Aydınlıkçı alçakların en pişkince yalan ve iftira ortaya atmaları tabii ki. Bunun içindir ki bugün bile onlar Nisan toplantısında oy verilen şeyleri çarpıtıp “şehirlerde mücadele revizyonizmdir [!!!], dergi çıkartmak [!!!, ama hangi dergiyi, hangi koşullarda, hangi perspektifle; bahis yok! –BN] revizyonizmdir, kırlar tek [!!!]mücadele alanıdır” gibi ipe sapa gelmez revizyonist tezleri ortaya attığımız iddialarını yaydılar.
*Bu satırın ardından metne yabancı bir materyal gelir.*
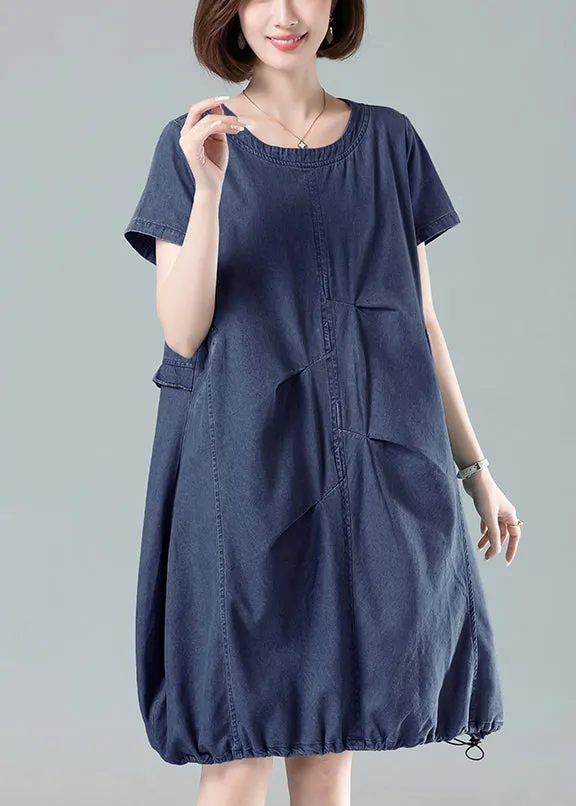 Ruffled Drawstring Denim Summer Dress in Navy for Women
Bunlar tabii ki kuru yalandan ibarettir ama gecekondularda, fabrikalarda faaliyet yürüten Meral Yakar yoldaşımızın yaşamı ve mücadelesi birincisine, çıkarılması düşünülen Halk Savaşı ve/veya İşçi Köylü Kurtuluşu dergisinin niteliği üzerine yazışmalar ikincisine, 12 Mart sürecindeki İstanbul-Dersim-Malatya bölgelerindeki faaliyetler de üçüncüsüne cevap niteliğindedir.
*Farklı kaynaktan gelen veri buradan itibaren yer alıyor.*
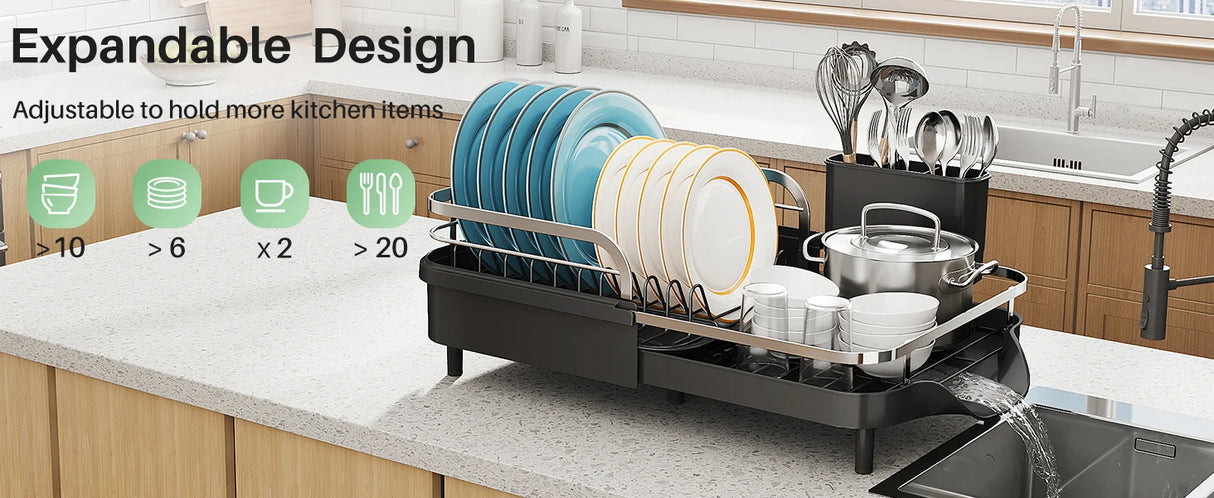 Dish Drying Rack, Expandable Dish Rack for Kitchen Counter, Stainless Steel Dish Drainer with Drainboard Set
Mesela İbrahim Kaypakkaya yoldaş İsmail imzasıyla yazdığı “Bir Köylük Bölgeden Yönetici Yoldaşlara Mektup” başlıklı mektubunda şöyle diyor (“Bir Köylük Bölgeden Yönetici Yoldaşlara Mektup” (7 Aralık 1972). İsmail [Kaypakkaya, İbrahim]. içinde: “Bütün Eserleri”. Kaypakkaya, İbrahim. Nisan Yayımcılık. 2. Baskı [Nisan’da 1.], Ekim 2016. Sayfa: 305.):
“Şafak revizyonizminden ayrıldıktan sonra, onun okumaktan ibaret olan sağ çizgisine bir tepki olarak, aksi yönde bir hata doğdu. İdeolojik ve siyasi eğitim bir ölçüde ihmal edildi, önemsenmedi. Bu hatayı en kısa zamanda düzeltmeliyiz. Pratik faaliyetle sımsıkı birleştirilmiş siyasi ve ideolojik eğitim faaliyetine süratle girişmeliyiz. Bunun için bence şunlar yapılmalıdır: Devrimimizin çeşitli meselelerine ışık getiren, çizgimizin, politikamızın ve programımızın propagandasını yapan merkezi bir yayın organı en kısa zamanda çıkarılmalıdır. [abç]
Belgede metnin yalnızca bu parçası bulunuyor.